Max Gekk created SPARK-57033:
--------------------------------
Summary: Add java.time LocalDateTime/Instant conversion and
Dataset roundtrip for nanosecond timestamps
Key: SPARK-57033
URL: https://issues.apache.org/jira/browse/SPARK-57033
Project: Spark
Issue Type: Sub-task
Components: SQL
Affects Versions: 4.2.0
Reporter: Max Gekk
h2. Summary
Add conversion between {{java.time.LocalDateTime}} / {{java.time.Instant}} and
the SPIP composite internal representation {{(epochMicros, nanosWithinMicro)}},
and wire Spark's encoder/converter stack so *Dataset* create/collect roundtrips
preserve *nanosecond* precision end-to-end.
h2. Background
Microsecond timestamps already roundtrip through:
* {{CatalystTypeConverters}} -- {{Instant}} ↔ micro {{Long}}
({{TimestampType}}), {{LocalDateTime}} ↔ micro {{Long}} ({{TimestampNTZType}})
* {{ExpressionEncoder}} / {{RowEncoderSuite}} -- encode-decode tests for
{{Instant}} and {{LocalDateTime}}
* {{Encoders.INSTANT()}}, {{Encoders.LOCALDATETIME()}},
{{JavaDatasetSuite.testLocalDateTimeEncoder}} -- Dataset create/collect
Nanosecond-capable types store values as {{TimestampNTZNanos}} /
{{TimestampLTZNanos}} (composite layout from
[SPARK-56981|https://github.com/apache/spark/pull/56059]).

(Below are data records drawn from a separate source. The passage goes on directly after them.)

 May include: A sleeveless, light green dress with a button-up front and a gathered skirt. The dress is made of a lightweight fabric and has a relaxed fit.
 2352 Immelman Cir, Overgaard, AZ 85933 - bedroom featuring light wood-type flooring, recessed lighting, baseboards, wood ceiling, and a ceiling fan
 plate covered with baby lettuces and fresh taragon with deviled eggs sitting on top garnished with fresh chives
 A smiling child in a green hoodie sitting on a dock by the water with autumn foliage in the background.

There is *no*
{{CatalystTypeConverters}} path yet for {{TimestampNTZNanosType(p)}} /
{{TimestampLTZNanosType(p)}}, and no end-to-end Dataset test proving sub-micro
precision survives create → internal row → collect.

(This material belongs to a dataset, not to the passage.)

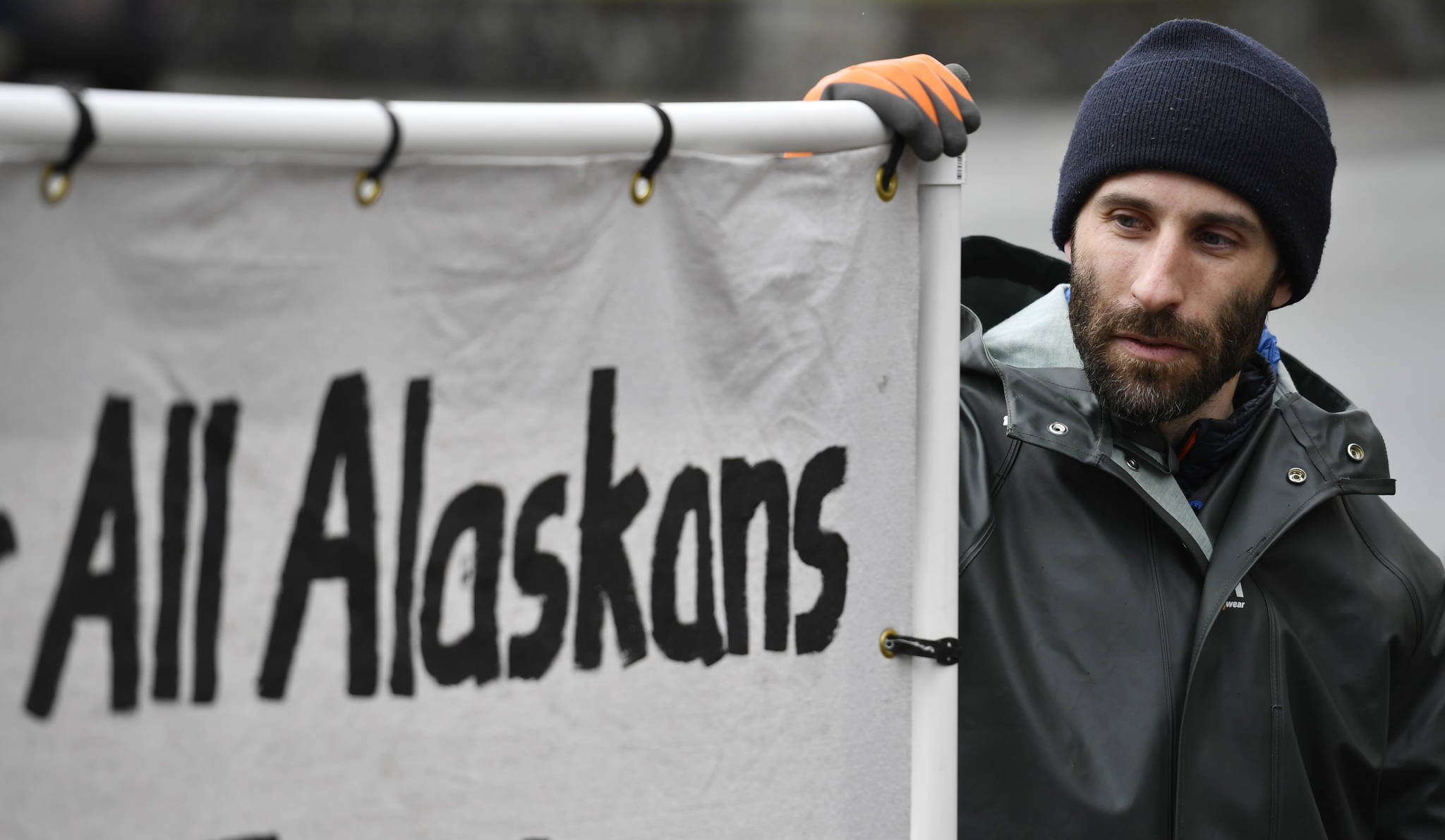 Dan DeSloover holds up his protest sign across from the Capitol on Friday, April 19, 2019. (Michael Penn | Juneau Empire)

Sub-task *1a* (string parsing) is a separate ticket; this ticket uses
{{java.time}} objects as the primary input/output surface for conversion and
Dataset tests.
h2. Scope
h3. 1. Composite conversion helpers
Add package-private helpers (extend {{SparkDateTimeUtils}} / {{DateTimeUtils}}
or a small dedicated module), e.g.:
* {{localDateTimeToTimestampNTZNanos(ldt: LocalDateTime): TimestampNTZNanos}}
* {{timestampNTZNanosToLocalDateTime(v: TimestampNTZNanos): LocalDateTime}}
* {{instantToTimestampLTZNanos(instant: Instant): TimestampLTZNanos}} (absolute
instant → SPIP pair; LTZ semantics via zone rules where applicable)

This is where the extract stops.